_YOUR INSTRUCTIONS_: Lines with the word "Maison" in them must be copied from the records below.

++++++

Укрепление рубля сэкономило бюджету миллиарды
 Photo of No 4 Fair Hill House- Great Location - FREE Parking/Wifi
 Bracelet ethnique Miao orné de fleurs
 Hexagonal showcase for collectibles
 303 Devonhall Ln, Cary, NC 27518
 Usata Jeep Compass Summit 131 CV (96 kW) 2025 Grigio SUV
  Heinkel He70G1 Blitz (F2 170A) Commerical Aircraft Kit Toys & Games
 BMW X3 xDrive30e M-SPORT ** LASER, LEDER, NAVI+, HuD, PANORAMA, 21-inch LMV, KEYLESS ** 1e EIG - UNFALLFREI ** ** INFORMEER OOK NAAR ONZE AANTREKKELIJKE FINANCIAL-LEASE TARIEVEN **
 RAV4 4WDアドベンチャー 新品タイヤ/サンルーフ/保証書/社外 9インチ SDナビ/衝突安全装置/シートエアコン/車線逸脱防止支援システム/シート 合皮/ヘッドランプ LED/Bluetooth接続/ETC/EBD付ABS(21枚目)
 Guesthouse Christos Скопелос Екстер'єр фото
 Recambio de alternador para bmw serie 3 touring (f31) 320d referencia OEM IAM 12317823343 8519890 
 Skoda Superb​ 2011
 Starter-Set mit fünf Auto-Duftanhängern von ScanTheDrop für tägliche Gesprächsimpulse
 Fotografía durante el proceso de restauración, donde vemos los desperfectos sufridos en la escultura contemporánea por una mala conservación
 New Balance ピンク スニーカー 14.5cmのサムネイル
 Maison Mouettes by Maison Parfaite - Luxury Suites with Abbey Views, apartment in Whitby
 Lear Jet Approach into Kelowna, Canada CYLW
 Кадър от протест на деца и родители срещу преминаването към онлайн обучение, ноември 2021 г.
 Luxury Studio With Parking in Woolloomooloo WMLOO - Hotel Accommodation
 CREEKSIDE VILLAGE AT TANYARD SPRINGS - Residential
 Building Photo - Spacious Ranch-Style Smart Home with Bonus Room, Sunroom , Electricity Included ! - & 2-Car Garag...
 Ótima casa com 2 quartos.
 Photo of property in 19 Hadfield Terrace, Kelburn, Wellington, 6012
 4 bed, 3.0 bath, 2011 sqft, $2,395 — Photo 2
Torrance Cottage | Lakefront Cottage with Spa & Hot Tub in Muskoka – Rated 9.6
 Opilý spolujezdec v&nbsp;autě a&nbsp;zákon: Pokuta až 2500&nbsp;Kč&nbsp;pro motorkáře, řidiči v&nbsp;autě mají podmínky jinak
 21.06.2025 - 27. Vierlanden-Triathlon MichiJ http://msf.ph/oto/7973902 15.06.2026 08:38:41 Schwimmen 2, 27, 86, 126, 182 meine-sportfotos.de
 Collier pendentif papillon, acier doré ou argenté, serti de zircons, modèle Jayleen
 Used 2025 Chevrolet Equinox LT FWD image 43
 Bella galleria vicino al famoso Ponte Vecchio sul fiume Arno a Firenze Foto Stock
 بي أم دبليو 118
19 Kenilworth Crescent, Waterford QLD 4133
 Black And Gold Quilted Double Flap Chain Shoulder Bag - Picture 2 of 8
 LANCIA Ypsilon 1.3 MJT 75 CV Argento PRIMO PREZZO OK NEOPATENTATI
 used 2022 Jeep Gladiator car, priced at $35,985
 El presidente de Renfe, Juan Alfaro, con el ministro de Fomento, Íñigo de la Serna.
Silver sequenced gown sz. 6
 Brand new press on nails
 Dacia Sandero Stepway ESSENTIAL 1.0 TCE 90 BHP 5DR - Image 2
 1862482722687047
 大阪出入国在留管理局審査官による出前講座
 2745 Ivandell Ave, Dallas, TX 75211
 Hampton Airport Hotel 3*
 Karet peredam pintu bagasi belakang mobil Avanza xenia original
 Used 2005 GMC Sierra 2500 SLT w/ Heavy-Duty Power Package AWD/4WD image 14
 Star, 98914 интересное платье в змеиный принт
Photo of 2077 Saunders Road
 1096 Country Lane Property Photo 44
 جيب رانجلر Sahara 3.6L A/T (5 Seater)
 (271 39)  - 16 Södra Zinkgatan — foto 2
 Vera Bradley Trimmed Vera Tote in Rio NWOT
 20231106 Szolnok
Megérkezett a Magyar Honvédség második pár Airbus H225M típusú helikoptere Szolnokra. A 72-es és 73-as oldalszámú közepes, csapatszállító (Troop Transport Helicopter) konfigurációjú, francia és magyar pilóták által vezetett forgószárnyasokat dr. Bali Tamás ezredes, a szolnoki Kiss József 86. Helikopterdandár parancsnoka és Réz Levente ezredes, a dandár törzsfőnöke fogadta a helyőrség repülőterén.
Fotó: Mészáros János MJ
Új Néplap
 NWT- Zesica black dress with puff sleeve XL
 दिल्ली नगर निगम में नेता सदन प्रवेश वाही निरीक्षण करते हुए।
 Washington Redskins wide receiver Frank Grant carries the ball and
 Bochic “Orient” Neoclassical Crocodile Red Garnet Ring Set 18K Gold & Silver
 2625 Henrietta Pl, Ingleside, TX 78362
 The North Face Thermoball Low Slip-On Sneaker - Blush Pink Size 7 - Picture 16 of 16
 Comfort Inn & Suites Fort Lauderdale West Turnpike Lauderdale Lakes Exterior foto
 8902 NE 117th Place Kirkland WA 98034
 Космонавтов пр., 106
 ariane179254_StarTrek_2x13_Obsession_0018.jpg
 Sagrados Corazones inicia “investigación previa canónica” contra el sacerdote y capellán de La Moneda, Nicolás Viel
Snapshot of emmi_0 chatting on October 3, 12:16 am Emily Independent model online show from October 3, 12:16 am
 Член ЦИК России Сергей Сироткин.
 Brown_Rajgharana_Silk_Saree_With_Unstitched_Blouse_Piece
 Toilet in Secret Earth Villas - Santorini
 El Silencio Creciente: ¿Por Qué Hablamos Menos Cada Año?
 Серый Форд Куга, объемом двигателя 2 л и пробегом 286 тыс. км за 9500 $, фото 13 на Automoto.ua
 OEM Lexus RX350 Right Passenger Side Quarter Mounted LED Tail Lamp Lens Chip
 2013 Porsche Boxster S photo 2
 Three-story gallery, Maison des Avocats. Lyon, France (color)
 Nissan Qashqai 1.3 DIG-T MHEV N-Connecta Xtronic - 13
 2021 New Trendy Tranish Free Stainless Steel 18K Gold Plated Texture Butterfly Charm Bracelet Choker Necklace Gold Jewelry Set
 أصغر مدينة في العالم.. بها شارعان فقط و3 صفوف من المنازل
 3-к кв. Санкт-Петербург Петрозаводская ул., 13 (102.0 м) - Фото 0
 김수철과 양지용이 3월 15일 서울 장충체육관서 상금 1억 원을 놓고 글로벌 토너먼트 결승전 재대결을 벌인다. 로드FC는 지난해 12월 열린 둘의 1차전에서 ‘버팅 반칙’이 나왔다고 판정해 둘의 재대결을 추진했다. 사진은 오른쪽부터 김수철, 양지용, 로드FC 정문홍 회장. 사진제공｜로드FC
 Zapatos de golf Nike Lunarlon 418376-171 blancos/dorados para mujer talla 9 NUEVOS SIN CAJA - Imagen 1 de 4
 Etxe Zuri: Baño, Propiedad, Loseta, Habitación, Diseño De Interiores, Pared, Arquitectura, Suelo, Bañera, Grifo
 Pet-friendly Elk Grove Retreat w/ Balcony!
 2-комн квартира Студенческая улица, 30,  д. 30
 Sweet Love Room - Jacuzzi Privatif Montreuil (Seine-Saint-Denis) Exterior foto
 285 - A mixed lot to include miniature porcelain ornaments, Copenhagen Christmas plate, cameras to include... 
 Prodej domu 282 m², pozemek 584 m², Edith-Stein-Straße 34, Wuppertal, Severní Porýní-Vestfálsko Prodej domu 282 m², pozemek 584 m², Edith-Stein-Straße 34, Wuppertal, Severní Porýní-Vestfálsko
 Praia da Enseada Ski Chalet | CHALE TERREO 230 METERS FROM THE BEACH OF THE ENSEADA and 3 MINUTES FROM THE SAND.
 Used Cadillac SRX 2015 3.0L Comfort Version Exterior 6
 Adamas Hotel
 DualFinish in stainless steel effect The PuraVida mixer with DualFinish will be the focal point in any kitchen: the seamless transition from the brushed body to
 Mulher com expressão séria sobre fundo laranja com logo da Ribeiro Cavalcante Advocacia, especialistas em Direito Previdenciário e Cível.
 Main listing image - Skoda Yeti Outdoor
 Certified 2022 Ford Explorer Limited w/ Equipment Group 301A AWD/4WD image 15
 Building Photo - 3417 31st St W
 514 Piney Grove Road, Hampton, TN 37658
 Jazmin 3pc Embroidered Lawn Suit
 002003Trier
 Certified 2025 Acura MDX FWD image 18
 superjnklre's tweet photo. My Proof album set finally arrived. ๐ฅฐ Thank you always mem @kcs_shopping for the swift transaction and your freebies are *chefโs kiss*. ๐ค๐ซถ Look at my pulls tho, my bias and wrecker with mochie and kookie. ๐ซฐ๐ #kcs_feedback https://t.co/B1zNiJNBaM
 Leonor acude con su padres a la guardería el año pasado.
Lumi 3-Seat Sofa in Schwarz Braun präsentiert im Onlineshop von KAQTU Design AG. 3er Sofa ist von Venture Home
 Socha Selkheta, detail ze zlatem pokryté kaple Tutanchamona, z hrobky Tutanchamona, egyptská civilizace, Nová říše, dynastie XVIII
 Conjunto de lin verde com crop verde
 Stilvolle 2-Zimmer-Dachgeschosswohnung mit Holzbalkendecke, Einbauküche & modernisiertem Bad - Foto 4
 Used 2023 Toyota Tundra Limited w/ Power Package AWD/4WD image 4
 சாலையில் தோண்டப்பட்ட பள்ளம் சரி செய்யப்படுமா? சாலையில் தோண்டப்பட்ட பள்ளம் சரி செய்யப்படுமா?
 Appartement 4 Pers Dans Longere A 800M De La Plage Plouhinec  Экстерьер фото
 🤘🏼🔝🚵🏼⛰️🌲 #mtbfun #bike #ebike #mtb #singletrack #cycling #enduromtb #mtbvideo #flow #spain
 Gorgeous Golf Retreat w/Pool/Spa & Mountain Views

++++++

_RESULT OF THIS TASK_:
 Maison Mouettes by Maison Parfaite - Luxury Suites with Abbey Views, apartment in Whitby
 Three-story gallery, Maison des Avocats. Lyon, France (color)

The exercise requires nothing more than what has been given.